In the aftermath of the 1880 Free Mash Tun Act, there was a "Pure Beer" movement. Its aim was to re-establish a Reinheitsgebot in Britain. They even managed to get a bill to that effect into parliament. However it was never enacted and the movement petered out. (I plan returning to this movement at some point soon).
This letter sent to The Times in the 1880's demonstrates the public concern about the purity of their beer, but also ignorance about how it was brewed. The most revealing assertion in the letter is that sugar was employed "to meet the requirements of the public taste ".
"PURE BEER.
MR. E. R. MORITZ, chemist to the Country Brewers' Society, sends the following letter to the Times :—
Sir,—I observe in your report of "Briant v. Faulkner," tried on Tuesday before Mr. Justice Kay, that the interesting features in the case consisted in the facts disclosed about brewing and the judge's observations on the ingredients used at the present day in the manufacture of beer. Mr. Justice Kay observed that instead of beer being nowadays brewed from good and wholesome malt and hops, chemical processes were used for extracting beer from what was called invert sugar ; and he went on to comment in severe terms upon the sulphuric acid and gypsum employed in the process in question. As a matter of fact, however, beer is not extracted from invert sugar, and the process referred to consists in the preparation from cane sugar of invert sugar, which some brewers find it advantageous to mix in small proportions with their malt worts. Sulphuric acid certainly plays a part in the conversion of the sugar, but none of it, as such, is permitted to remain in the sugar, and consequently none can enter the beer; indeed, by conversion into gypsum the acid is, to all practical purposes, removed, and against the minute quantity of gypsum which may escape separation there cannot possibly be the minutest objection. It occurs naturally in the celebrated well waters of Burton, and it is in no inconsiderable degree responsible for the delicacy and flavour of the popular ales brewed in that district.

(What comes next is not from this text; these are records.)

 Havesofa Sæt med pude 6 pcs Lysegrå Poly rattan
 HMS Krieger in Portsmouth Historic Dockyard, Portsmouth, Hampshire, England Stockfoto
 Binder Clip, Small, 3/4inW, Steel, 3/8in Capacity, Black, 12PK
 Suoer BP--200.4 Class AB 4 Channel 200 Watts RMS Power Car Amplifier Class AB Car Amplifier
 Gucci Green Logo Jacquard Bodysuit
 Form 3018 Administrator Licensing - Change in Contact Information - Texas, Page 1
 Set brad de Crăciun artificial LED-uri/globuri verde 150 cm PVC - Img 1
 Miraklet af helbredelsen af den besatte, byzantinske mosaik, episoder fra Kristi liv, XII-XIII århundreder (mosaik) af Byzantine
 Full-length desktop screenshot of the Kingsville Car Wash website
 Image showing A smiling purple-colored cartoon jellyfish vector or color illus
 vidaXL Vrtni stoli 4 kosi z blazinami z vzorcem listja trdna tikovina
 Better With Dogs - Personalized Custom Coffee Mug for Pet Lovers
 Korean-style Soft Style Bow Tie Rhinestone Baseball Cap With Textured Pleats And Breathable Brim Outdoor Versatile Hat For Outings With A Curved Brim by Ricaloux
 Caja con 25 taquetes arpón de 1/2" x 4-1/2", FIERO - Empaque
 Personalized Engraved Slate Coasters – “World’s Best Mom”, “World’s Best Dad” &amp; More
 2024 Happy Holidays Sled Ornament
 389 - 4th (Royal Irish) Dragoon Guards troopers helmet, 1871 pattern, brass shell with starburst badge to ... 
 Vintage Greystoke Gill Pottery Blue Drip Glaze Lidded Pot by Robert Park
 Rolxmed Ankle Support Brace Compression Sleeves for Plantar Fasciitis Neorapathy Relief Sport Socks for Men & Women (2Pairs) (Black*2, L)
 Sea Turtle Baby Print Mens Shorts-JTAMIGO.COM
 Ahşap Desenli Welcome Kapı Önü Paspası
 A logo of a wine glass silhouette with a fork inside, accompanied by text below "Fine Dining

With regard to the use of sugar in brewing, it cannot be too frequently insisted upon that its employment is adopted simply to meet the requirements of the public taste in certain districts, and not with the object, which some persons would have us believe, of putting extra profits into the brewers' pockets. Nor must it be forgotten that our malts are by no means invariably "good and wholesome," and that intermixture with sugar solutions of good quality is productive of a sounder, purer, and more wholesome beer than that obtainable from the bulk of our malts when used alone.
Persons with any leanings towards so-called "pure beer" would do well to refer to Mr. Goschen's remarks to a deputation of hop and barley growers which waited on him on April 5 last year. Mr. Goschen pointed out that during the course of the prosecutions for beer dilution, so many of which took place about that time, the beer samples had been generally tested for deleterious substances by the Government chemists at Somerset House, and that not a single sample was found to contain any. Yet some of these beers had assuredly been in part brewed from that invert sugar which Mr. Justice Kay so severely denounces. Indeed, the pure beer cry, like so many of the agitations against brewers, is almost exclusively supported by privileged and irresponsible utterances, which, when critically examined, as was the case on April 5 last year, are found unsound and devoid of proper foundation."
"The Chemical Trade Journal" by Davis, 1888, page 179
Let me know if you're getting bored with sugar. It won't stop me writing about it, but it may make you feel better.